Baptist pastor and author John Piper says Roman Catholics are heretics because they don't agree with him on something or other. He imagines a conversation with the Pope:
“Do you teach that we should rely entirely on the righteousness of Christ imputed to us by faith alone as the ground of God being 100% for us, after which necessary sanctification comes? Do you teach that?”
And if he said, “No, we don’t,” then I’d say, “I think that right at the core of Roman Catholic theology is a heresy,” or something like that.
First of all, does anyone understand his question? He seems to be arguing for justification, but the question is so convoluted that a person can't be entirely sure what he's talking about.
"Imputed to us by faith alone"?--imputed? What is "imputed"? "Faith alone" did this? Who is "faith alone"? "The ground of God being 100% for us"? Now, he's a Tillichian all of a sudden? Sanctification is "necessary"? You have to do good works? I thought he was arguing for justification!
We've not always had "heretic hunters" in the church, but we've had them for a good long time, at least since the fourth century. "Heresy" comes from a Greek word that simply means "other," as in a different point of view.
In the fourth century, heresy came to mean both "other" and "bad." Heretics not only had their own opinion on things, but their opinions were inviting the judgment of God and must be stamped out.
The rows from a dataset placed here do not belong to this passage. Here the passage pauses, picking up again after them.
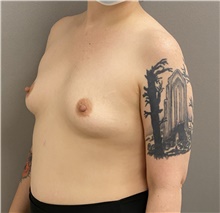 Breast Augmentation Before Photo by Keshav Magge, MD; Bethesda, MD - Case 47591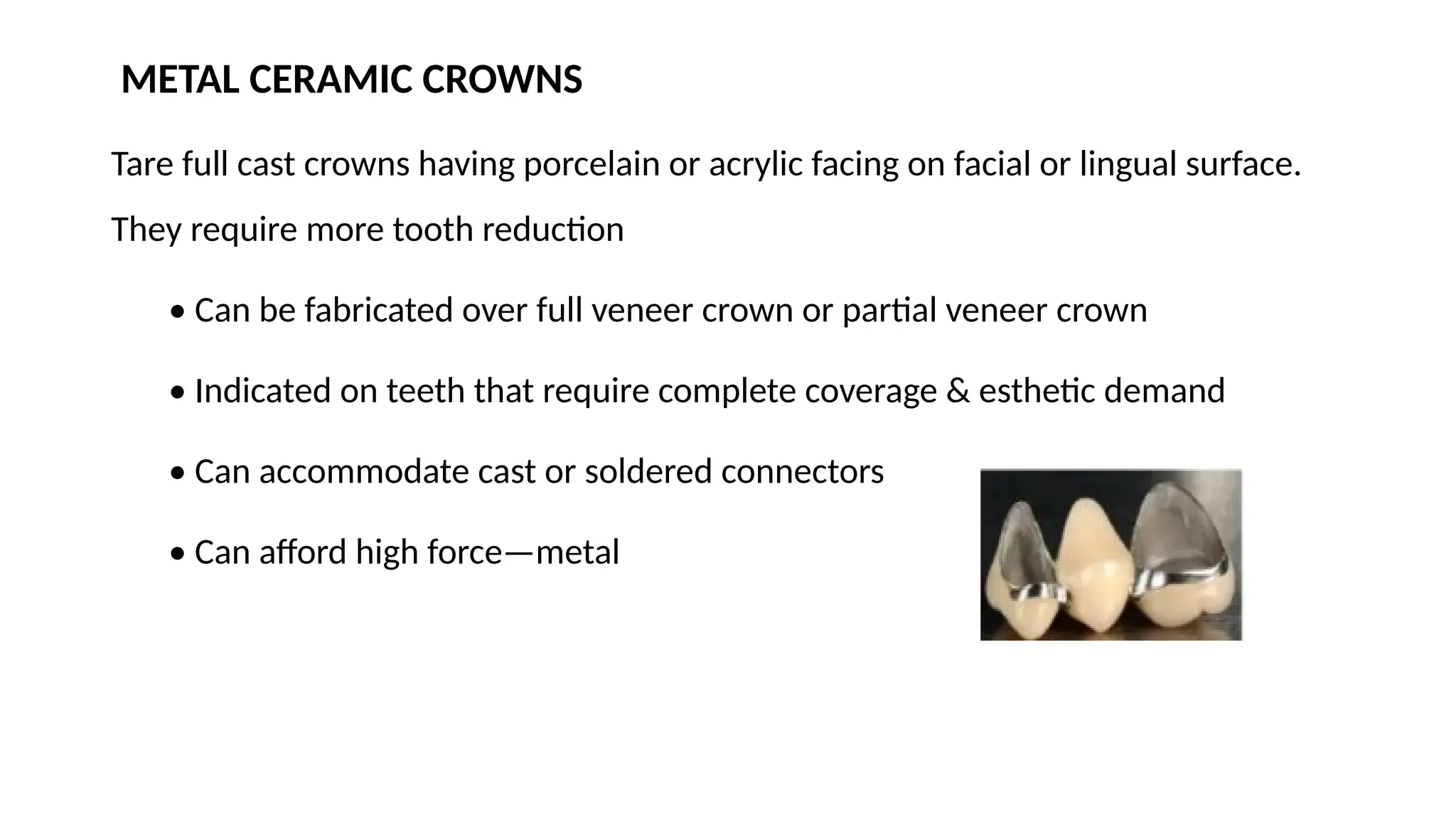 METAL CERAMIC CROWNS
Tare full cast crowns having porcelain or acrylic facing on facial or lingual surface.
They require more tooth reduction
• Can be fabricated over full veneer crown or partial veneer crown
• Indicated on teeth that require complete coverage & esthetic demand
• Can accommodate cast or soldered connectors
• Can afford high force—metal
 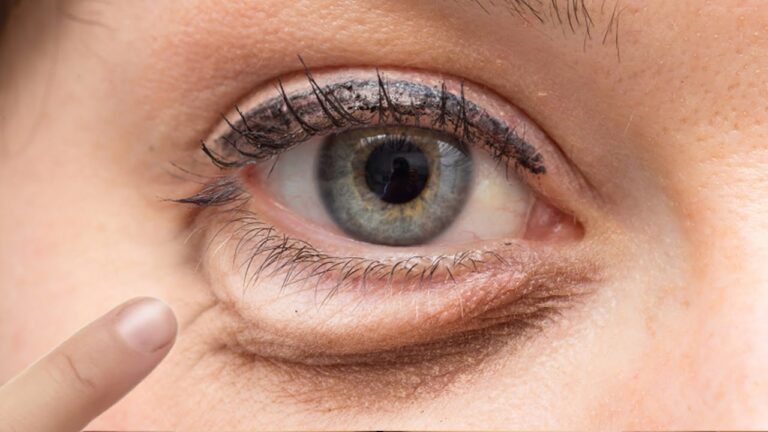 6 effektive Tipps gegen Augenringe, die du sofort ausprobieren kannst!
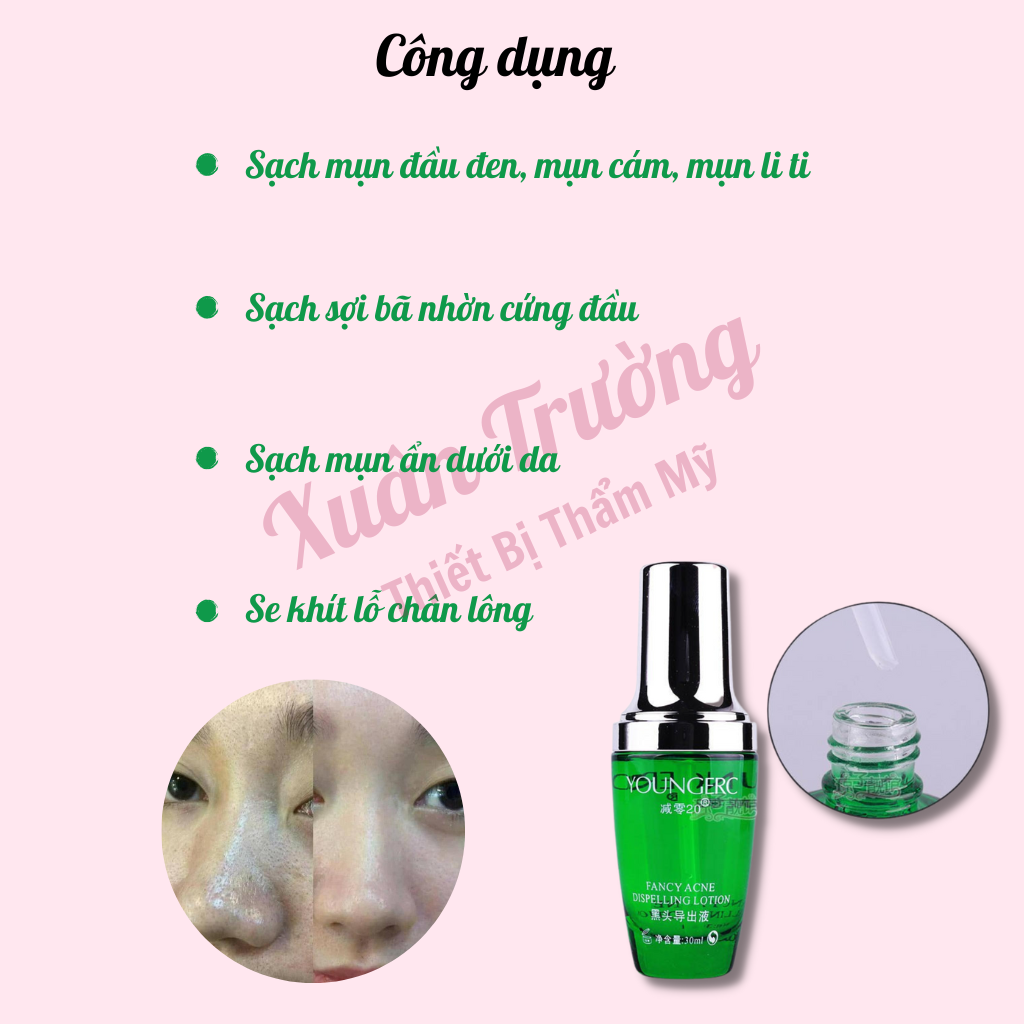 Ủ mụn đầu đen, mụn cám, Ủ mụn Youngerc chai 30ml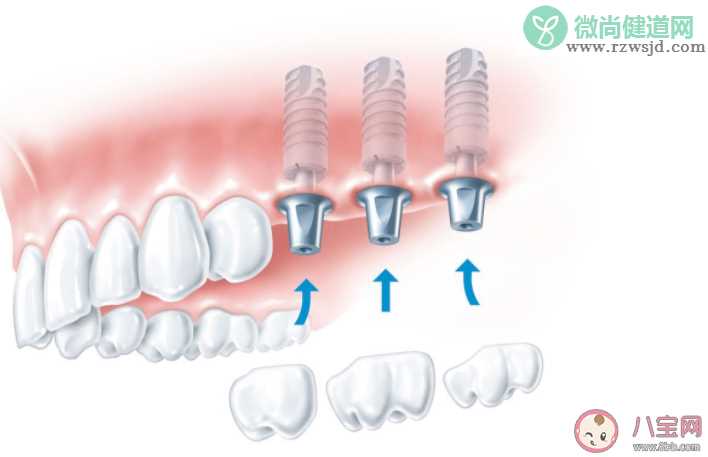 种植牙就要选最贵的吗 种植牙如何护理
Books were banned and burned in an attempt to stamp out the heresy.
There had been differences of opinion within Christianity ever since the beginning. Early Christianity appears to have been a murky sea of many disparate groups all of whom claimed, in their way, to be Christian. Some of this is reflected in the New Testament itself. Matthew and James do not agree with Paul, for example, and the fourth gospel appears to have some tension with Peter.
In the second and third centuries, all kinds of conceptions were floating around, some of which would seem quite strange to us today. The Ebionites, for example, were Jewish and they saw Jesus as the Jewish Messiah, but not a divine figure. Meanwhile, others saw Jesus as a spiritual figure without a real physical body.
In the fourth century, Christianity became legal. The Emperor Constantine instituted religious freedom throughout the Empire. Ironically, it was this freedom which led to the rise of heresy hunting.
Constantine was a benefactor for both the existing Roman religion and Christianity as well. He gave a palace to the Bishop of Rome. He built churches, and showered gifts on the church. He also gave tax breaks to Christian clergy. (Not surprisingly, this increased the number of people who considered themselves Christian clergy, and invited the question: Who really was Christian clergy?)
Constantine wanted unity throughout the Empire, but Christianity, which he hoped would be a unifying force, turned out to be a disputatious morass. He convened the Council of Nicea (AD 325) to bring some order--and unity!
For most of the fourth century, the central argument--the one between the trinitarians and the subordinationists (those who thought Christ divine, but somehow less than God the Father)--raged back and forth. Great power and money were at stake, and the atmosphere was heated. In such a context, those with whom one disagreed easily became enemies, and one's enemies easily morphed into God's enemies. This is when heresy became not just "other" opinion, but bad opinion as well.
This could come in handy. The Emperor Theodosius used the charge of heresy against the Goths when they threatened Constantinople. The previous Emperor, Valens, had been destroyed by the Goths at the Battle of Adrianople in AD 378. Adrianople was just to the west of Constantinople. Valens' catastrophic defeat sent a shock wave of fear through the city.
The new Emperor, Theodosius, rallied the Greeks by accusing the Goths of being subordinationist heretics. (The Goths had been converted to the subordinationist form of Christianity.) The Goths were not only the enemies of the Greeks, but the enemies of God too! Therefore, you Greeks, smite the infidels! God wills it!
Heresy hunting became a millenium-long fad right after that. People sniffed here and there for bad thoughts so that pretty much any theologian with any smarts would wind up being so labelled--Origen and Nestorius most famously, and many others as well. Piper thus represents an old tradition. Thankfully, he's not very good at it.